By default Ambi uses [TOOL_CALL] ... [/TOOL_CALL] tags. You can bring your own parser:

use ambi::tool::{ToolCallParser, DefaultToolParser};

struct MyParser;

impl ToolCallParser for MyParser {
    fn format_instruction(&self, tools_json: &str) -> String {
        // instruct the model how to call tools
        format!("Use tools: {}", tools_json)
    }

    fn parse(&self, text: &str) -> Vec<(String, serde_json::Value)> {
        // extract tool calls from the model's output
        vec![]
    }

    fn create_stream_formatter(&self) -> Box<dyn ambi::tool::StreamFormatter> {
        Box::new(ambi::agent::core::formatter::PassThroughFormatter)
    }
}

let agent = Agent::make(config).await?
.with_tool_parser(MyParser);

Error handling

Ambi uses thiserror to provide clear, actionable error types:

pub enum AmbiError {
    EngineError(String),
    AgentError(String),
    ToolError(String),
    ContextError(String),
    PipelineError(String),
    MaxIterationsReached(usize),
    Other(anyhow::Error),
}

All public APIs return Result<T, AmbiError>, making it easy to pattern‑match or propagate errors.

Testing

Ambi comes with comprehensive unit and integration tests.

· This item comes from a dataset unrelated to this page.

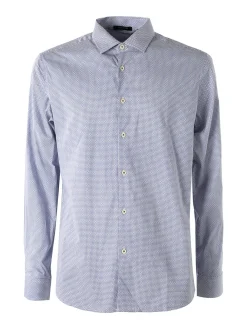 Bread & Buttons Camicia da uomo a maniche lunghe in tessuto elastico no stiro - blu scuro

We recommend using cargo test during development. When testing agents, consider using a mock engine to avoid real API calls:

struct MockEngine;
#[async_trait]
impl LLMEngineTrait for MockEngine {
    async fn chat(&self, _: LLMRequest) -> Result<String> {
        Ok("Hello, I am a mock.".into())
    }
    // ...
}

let agent = Agent::with_custom_engine(Box::new(MockEngine)) ?;

Feature flags

Ambi uses Cargo features to keep compile times low:

  • openai-api (enabled by default) – OpenAI‑compatible cloud backend powered by async-openai.
  • llama-cpp – Local inference via llama.cpp (supports cuda, vulkan, metal, rocm sub‑features).
  • cuda, vulkan, metal, rocm – GPU acceleration for the local engine (choose exactly one).